To prepare the surface, lightly swipe a fine, 220-grit sanding block over the nail hole to sand away ridges. Work in a circular motion over drywall. When sanding wood, however, always sand in the direction of the wood grain to keep from leaving cross-sanding marks.
STEP 2: Choose the right hand tools. For a small-scale spackling job, you’ll need to select a putty knife with a little bit of give in its blade, like HYDE’s 2” SuperFlexx Stainless Steel Putty Knife. The slight flexibility facilitates easy spreading as you pull the spackling over the hole. The bottom section of the blade glides at an angle along the wall surface, helping to push the compound into the hole and reducing the risk of scratching the surface with the corners of the blade (which can happen if you’re using a rigid blade). Plus, the tool’s stainless steel is impervious to rust. In fact, if you neglect to wipe it down immediately after the job, simply give it a small bend, and any dried leftover compound will fall right off.
STEP 3: Select and spread the compound. Though similar in application, different patching compounds are formulated for use on different surfaces. Make sure you select the right one for the job.
• For drywall, pick up a good-quality spackling paste (your choice of either the premixed stuff, which comes in a small tub, or a dry powder that you’ll combine with water) to fill the holes.
• For wood, choose a wood filler that’s formulated for the surface at hand. Basic wood filler compounds work in situations where you’re planning on painting over the surface later to hide the obviously discolored patch. For bare wood that will be stained or wood used in an exterior project, look for compounds that are specifically labeled for the intended use.

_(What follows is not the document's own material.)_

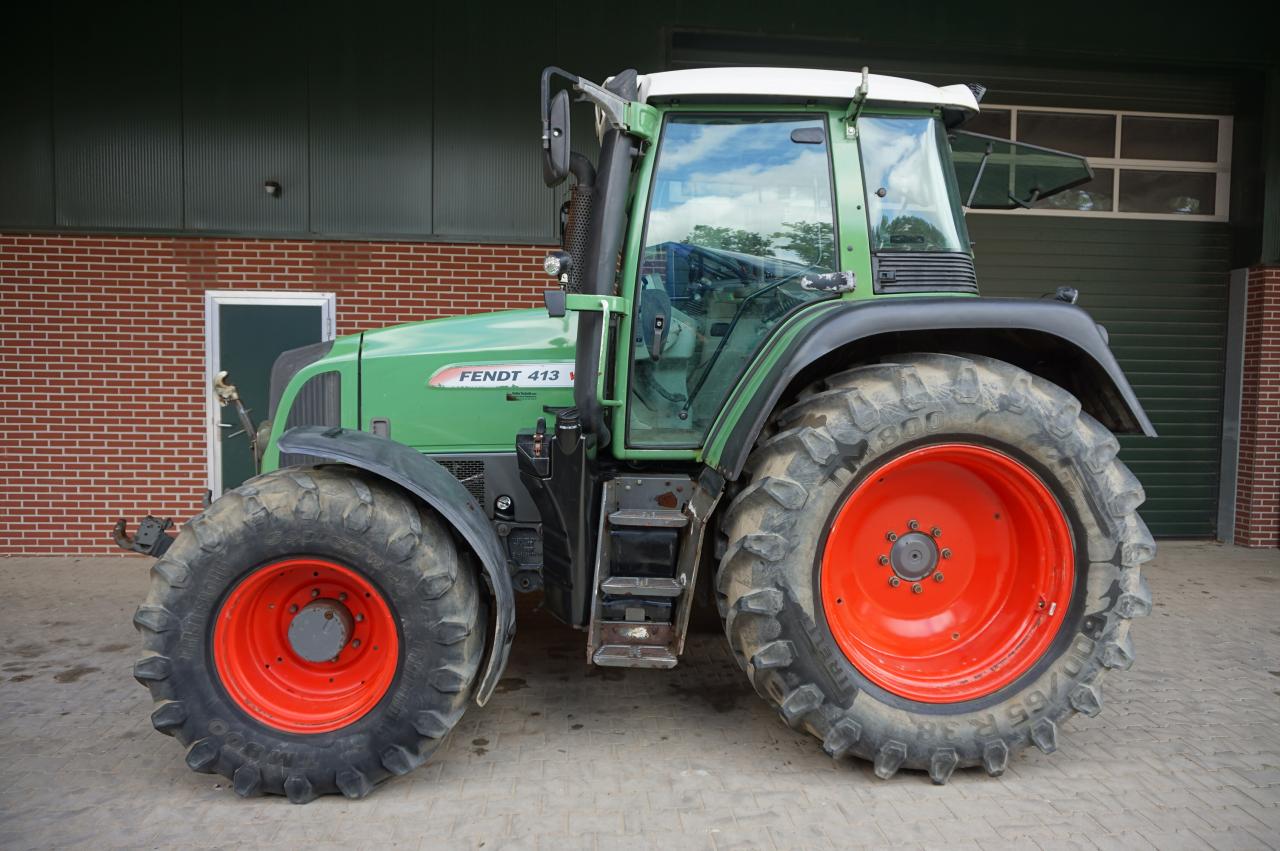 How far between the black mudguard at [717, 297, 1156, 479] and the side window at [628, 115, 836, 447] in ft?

Once you’ve selected an appropriate product, scoop up a roughly dime-size dollop of spackling paste or filler, and smooth it across the nail hole using the 2″ SuperFlexx Stainless Steel Putty Knife—not your fingers, however tempting that may be. Smoothing with your hands will leave the spackled hole with a slight depression because your digits are not perfectly flat.

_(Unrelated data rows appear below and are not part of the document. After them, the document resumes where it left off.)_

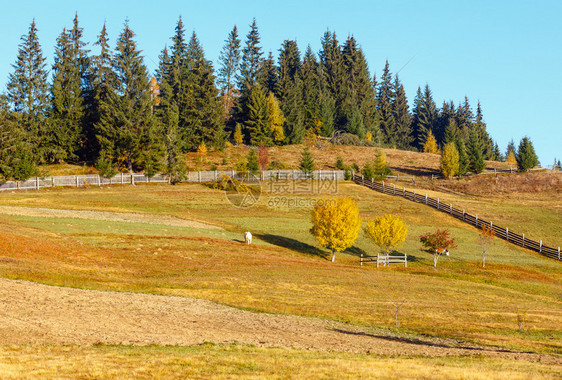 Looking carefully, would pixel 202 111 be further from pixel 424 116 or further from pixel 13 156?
pixel 424 116

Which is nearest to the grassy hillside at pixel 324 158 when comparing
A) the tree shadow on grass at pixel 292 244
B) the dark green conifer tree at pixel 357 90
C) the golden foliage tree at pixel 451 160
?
the golden foliage tree at pixel 451 160

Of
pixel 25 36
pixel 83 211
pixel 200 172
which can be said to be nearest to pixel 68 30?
pixel 25 36

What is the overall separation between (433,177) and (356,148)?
25.4 metres

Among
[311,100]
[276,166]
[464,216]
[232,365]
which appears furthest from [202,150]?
[232,365]

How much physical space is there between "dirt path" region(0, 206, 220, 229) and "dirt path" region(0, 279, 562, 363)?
26708 mm

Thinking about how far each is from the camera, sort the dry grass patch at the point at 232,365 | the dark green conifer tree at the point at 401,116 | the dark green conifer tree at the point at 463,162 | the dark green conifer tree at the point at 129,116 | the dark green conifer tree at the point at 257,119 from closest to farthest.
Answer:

The best method involves two swipes: one either sideways or downward to fill the hole with compound, followed by a second swipe back in the opposite direction to wipe away the excess. If you find that your second swipe across the nail hole leaves streaks of spackling paste on the wall or wood, you’ve probably used more paste than necessary; take note and scoop up a little less the next time.
Once the spackling paste has dried completely (the time varies by brand), lightly sand the area with a fine-grit sanding block. Remember: Move in a circular pattern when sanding drywall, and follow the grain when sanding wood.

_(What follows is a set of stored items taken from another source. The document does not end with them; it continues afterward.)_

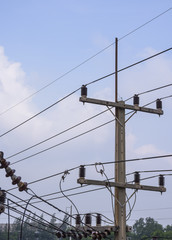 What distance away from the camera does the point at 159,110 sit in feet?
60.6

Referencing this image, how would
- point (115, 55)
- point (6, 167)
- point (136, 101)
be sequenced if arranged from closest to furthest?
point (6, 167), point (136, 101), point (115, 55)

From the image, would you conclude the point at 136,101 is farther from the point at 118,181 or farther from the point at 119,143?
the point at 118,181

STEP 4: Apply a second layer of compound. Some spackling and wood filler compounds shrink more than others, but it’s difficult to see the shrinkage until the wall has been painted. For that reason, it’s best to apply another thin layer even if you think the first application filled the hole completely. Follow the same two-swipe method described in Step 3, then let the compound dry for the recommended amount of time.
Note: Some spackling paste is advertised as “paintable when wet,” but it’s best to err on the side of caution. If you don’t give it a chance to dry, you can’t sand it, and without sanding, you can’t be sure the wall is completely free of leftover bumps or depressions that would draw attention to your spackling job.
STEP 5: Prepare for paint with one last sanding. Lightly sand the area around the hole to eliminate any excess compound from your second application, and then inspect the hole itself. The paste should only fill the hole and not extend past its edges. If you see extra filler, take care of it with some spot sanding; otherwise, you’re all set! Paint the drywall or wooden surface, and forget about those holes for good.